Yep, we can confirm our algorithm is faster than the actual standard lib implementation when it does not use the hardware implementation. Why is this? Where is the tradeoff? Let’s see.

Bit By Bit Method

We know that Babylonians (and actually Heron) can beat the current algorithm but we do trade off precision. The standard library implementation does not depend on a precision factor and it does return exact values for perfect squares and good approximations for the other numbers.

The implementation is based on the digit-by-digit calculation where each digit in the square root is computed. This method is indeed slower than the Babylonian method but it works for any base and it can be used to check if a number is a perfect square safely. These properties are important enough to make it worth the extra time.

The algorithm is a bit too complicated (at least for me) to cover in this blog post but the basic idea behind it is: at each step we add a digit to the square root such as if we square the value it is less than our number, but if we increment the digit the squared value will be greater than our number. This guarantees us that the digit is correct. A very nice practical example is explained here.

Now, we see that the standard lib implementation has a lot of bit operations. Why is that? Remember how this algorithm works with any base? We know that computers work well in binary and that binary operations are usually faster. Well, the standard lib implementation is computing the sqrt value one bit at a time. This solution is called bit by bit and it covers the same principles.

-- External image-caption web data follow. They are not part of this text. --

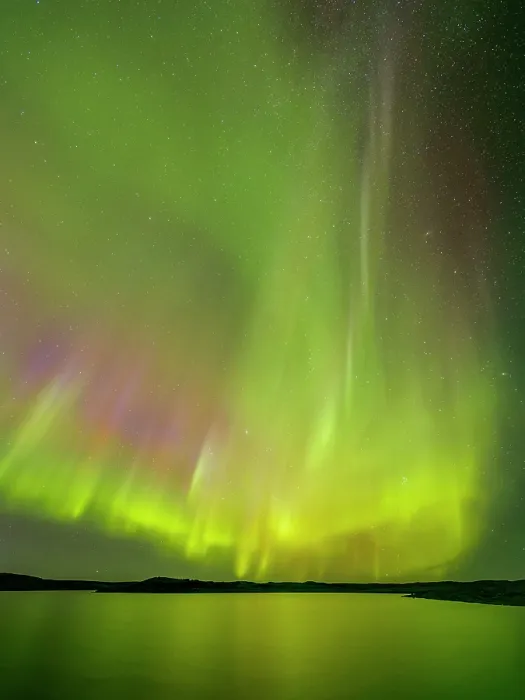 Framed Print : Northern Lights over Wolf Lake in Nunavik, Quebec, Canada Framed Print : Northern Lights over Wolf Lake in Nunavik, Quebec, Canada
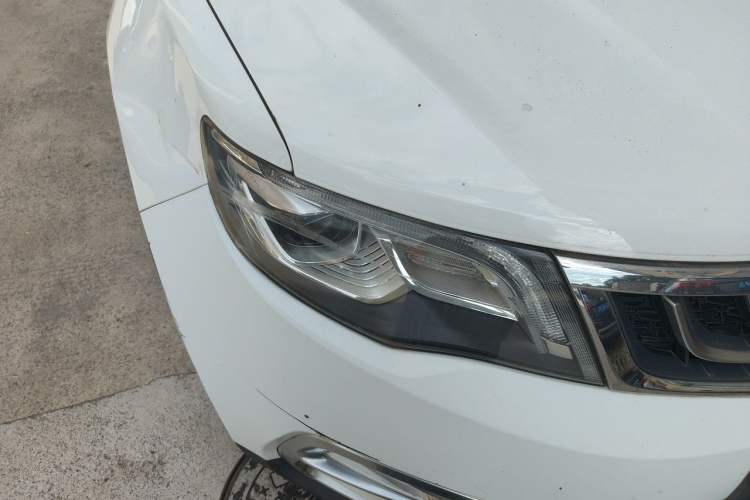 Used Geely Auto Emgrand X7 Sport 2016 1.8TD Automatic ZhiZun Version Right Front Headlight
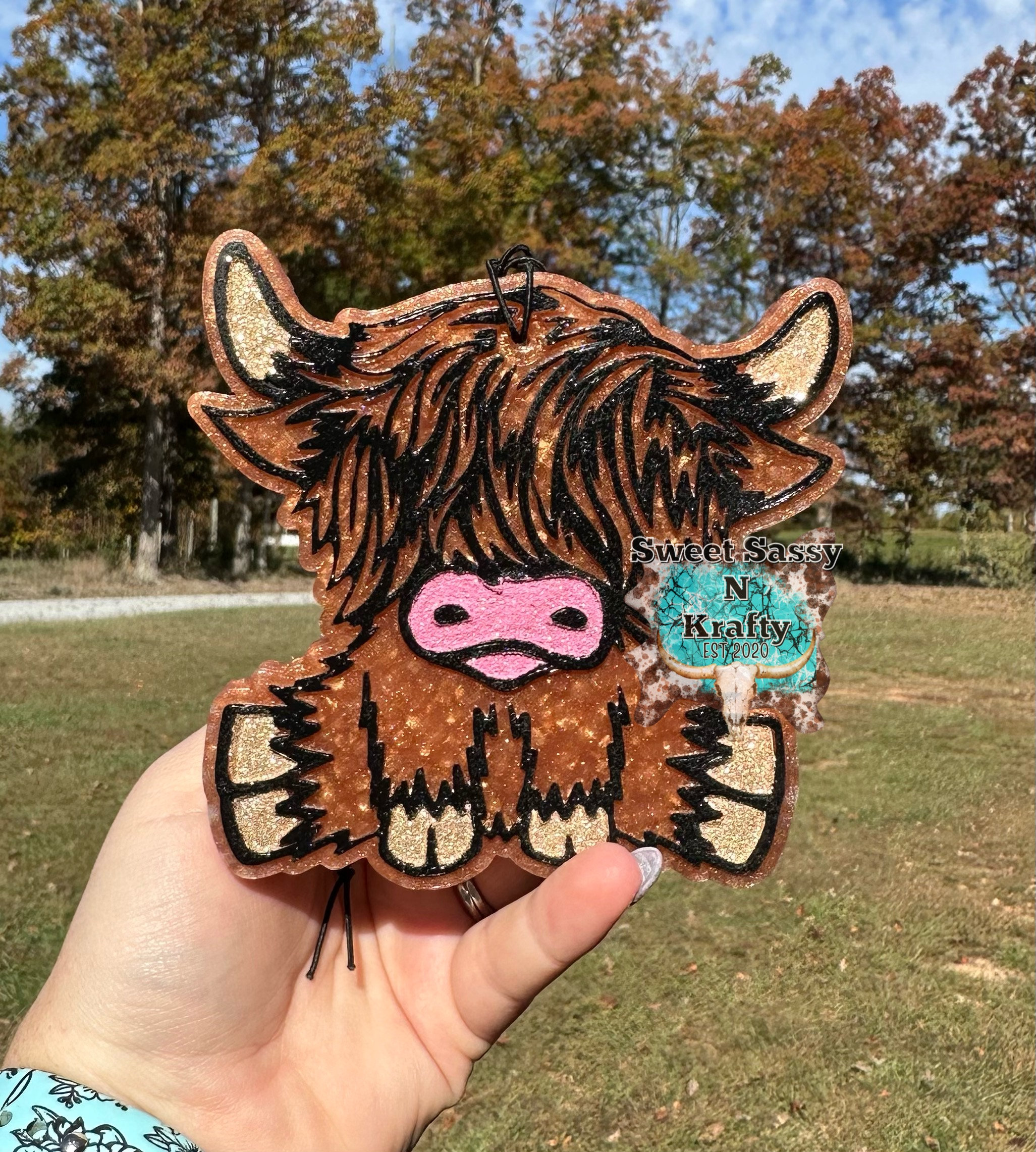 Sitting Highland Cow Car Freshie| cute cow Freshie| cow Freshie| freshie| Glitter freshie| Cute cow Freshie| Car Freshener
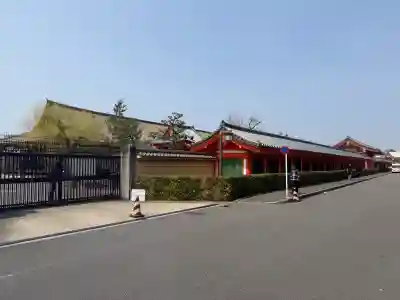 蓮華王院（三十三間堂）の{uncategorized: "未分類", other: "その他", undefined: "問題あり", building: "その他建物", grave: "お墓", sacred_gate: "鳥居", guardian: "狛犬", statue: "像", buddha: "仏像", history: "歴史", nature: "自然", garden: "庭園", animal: "動物", pagoda: "塔", temizu: "手水舎", mountain_gate: "山門・神門", sanctuary: "本殿・本堂", subordinate: "末社・摂社", art: "芸術", scenery: "景色", jizo: "地蔵", ema: "絵馬", goshuin: "御朱印", omikuji: "おみくじ", items: "授与品その他", amulet: "お守り", goshuincho: "御朱印帳", eats: "食事", festival: "お祭り", votive_dance: "神楽", shichigosan: "七五三参", wedding: "結婚式", experience: "体験その他", initially: "初詣", around: "周辺", anti_infection: "感染症対策"}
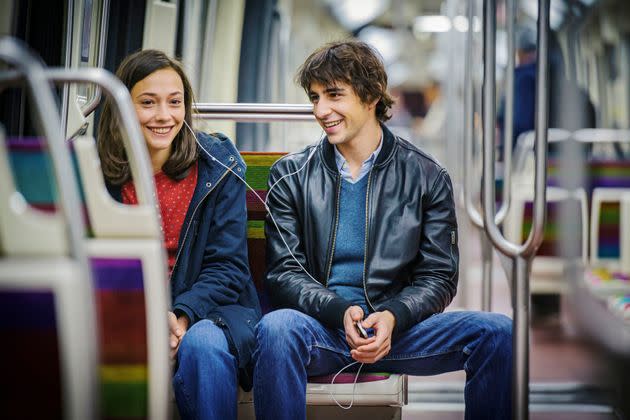 Suzanne Jouannet (Mila) et Ben Attal (Alexandre Farel) dans le métro parisien.  (Photo: Copyright Jérôme Prébois / 2021 CURIOSA FILMS – FILMS SOUS INFLUENCE - GAUMONT – FRANCE 2 CINÉMA)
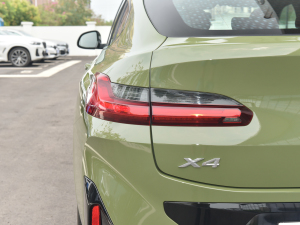 2022Ŀ xDrive 30i M\ҹb ^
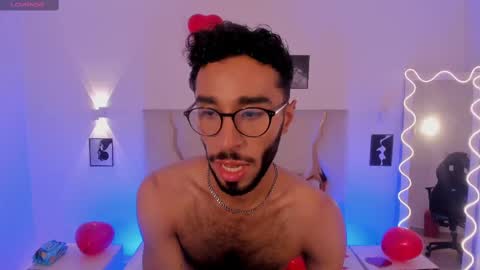 ISSANDER online show from February 14, 7:44 pm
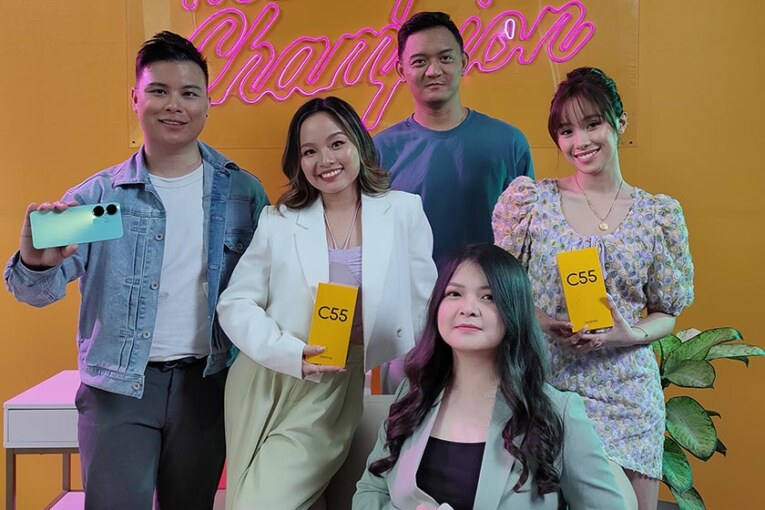 Stylish Champion realme C55 SOLD OUT on TikTok, dominates in-store nationwide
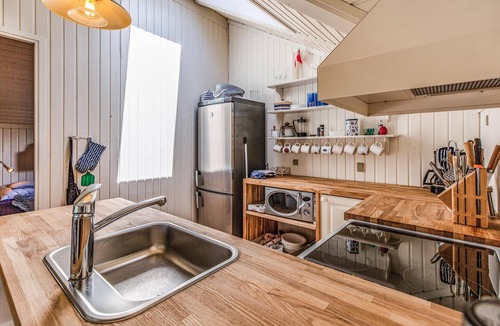 Boeslunde House | Cozy home in Skælskør with kitchen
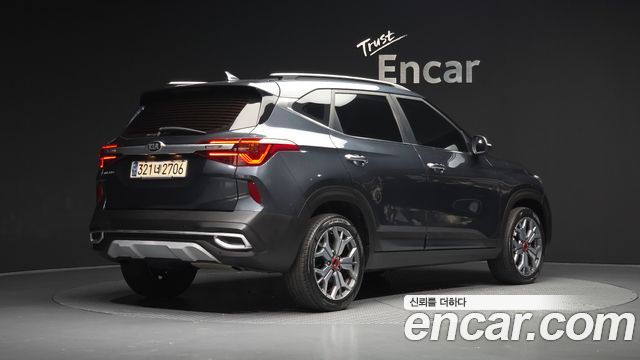 Kia Seltos из Кореи Encar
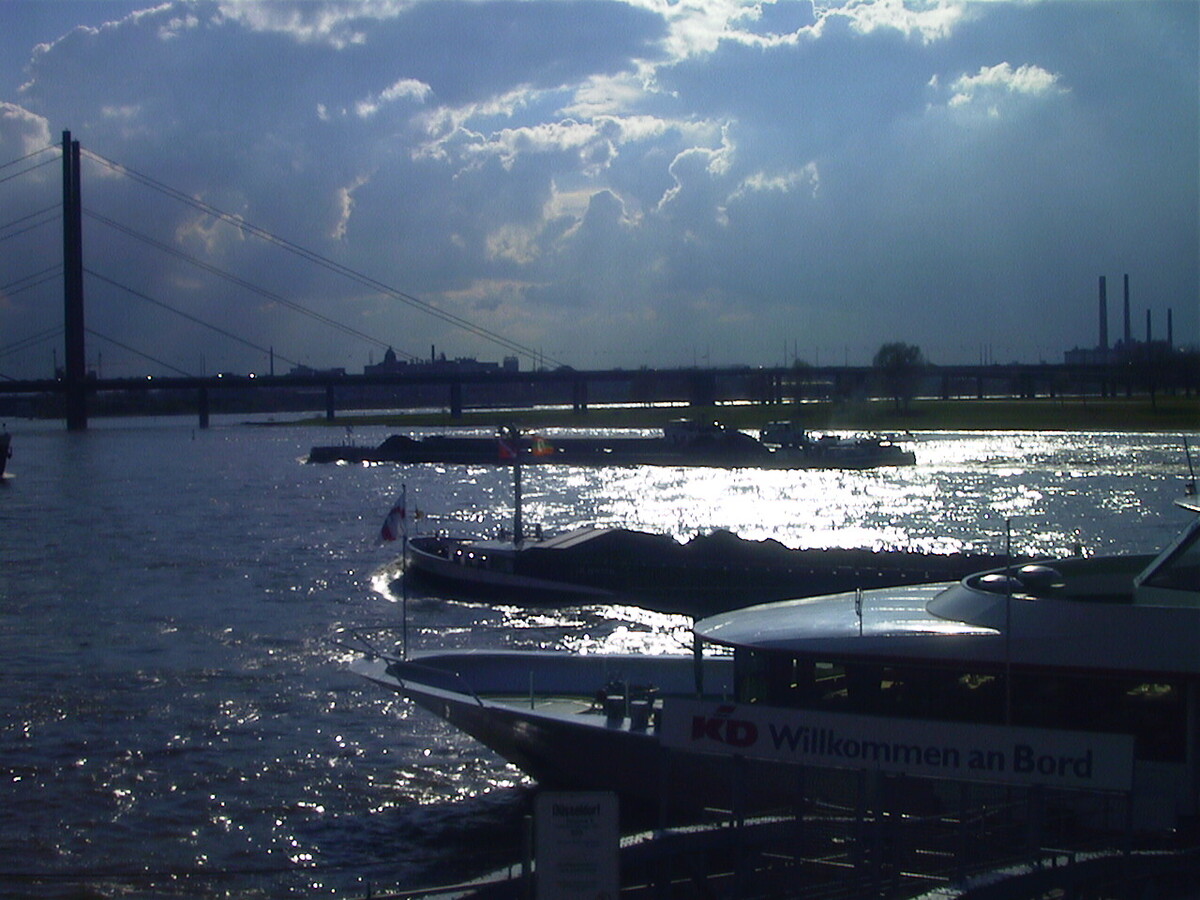 รูปถ่าย เยอรมนี(Germany) ดัสเซลดอร์ฟ(Dusseldorf) 2000-04 4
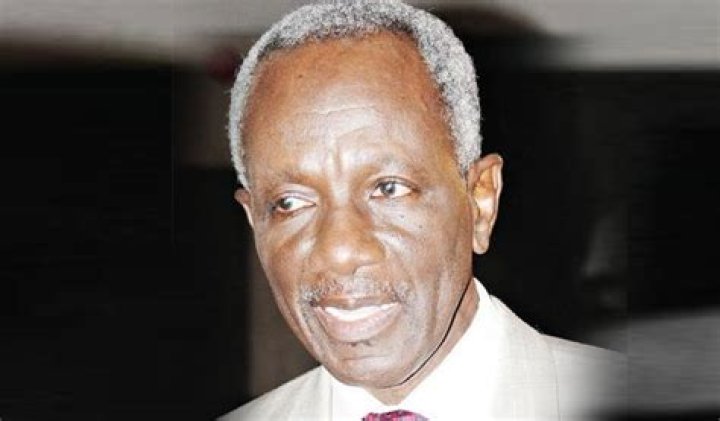 J. K. Randle Biography, Age, Height, Wife, Net Worth and Family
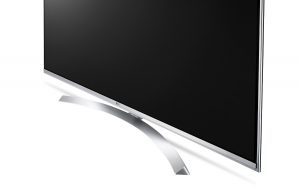 LG UH8500 stand view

The thing that baffled me a bit in this implementation was the bias operation. We need to unbias the exponent to correctly evaluate the floating point number. This is due to the fact that exponents are signed, but storing it as a two complement would make number comparisons complicated. For simplicity, the exponent is stored as an unsigned int and it’s converted to actual values by subtracting the bias. The 1023 value is constant for double precision.

Hardware Implementation

As can be seen here CPUs now offer square root computation but I will leave this for a future article.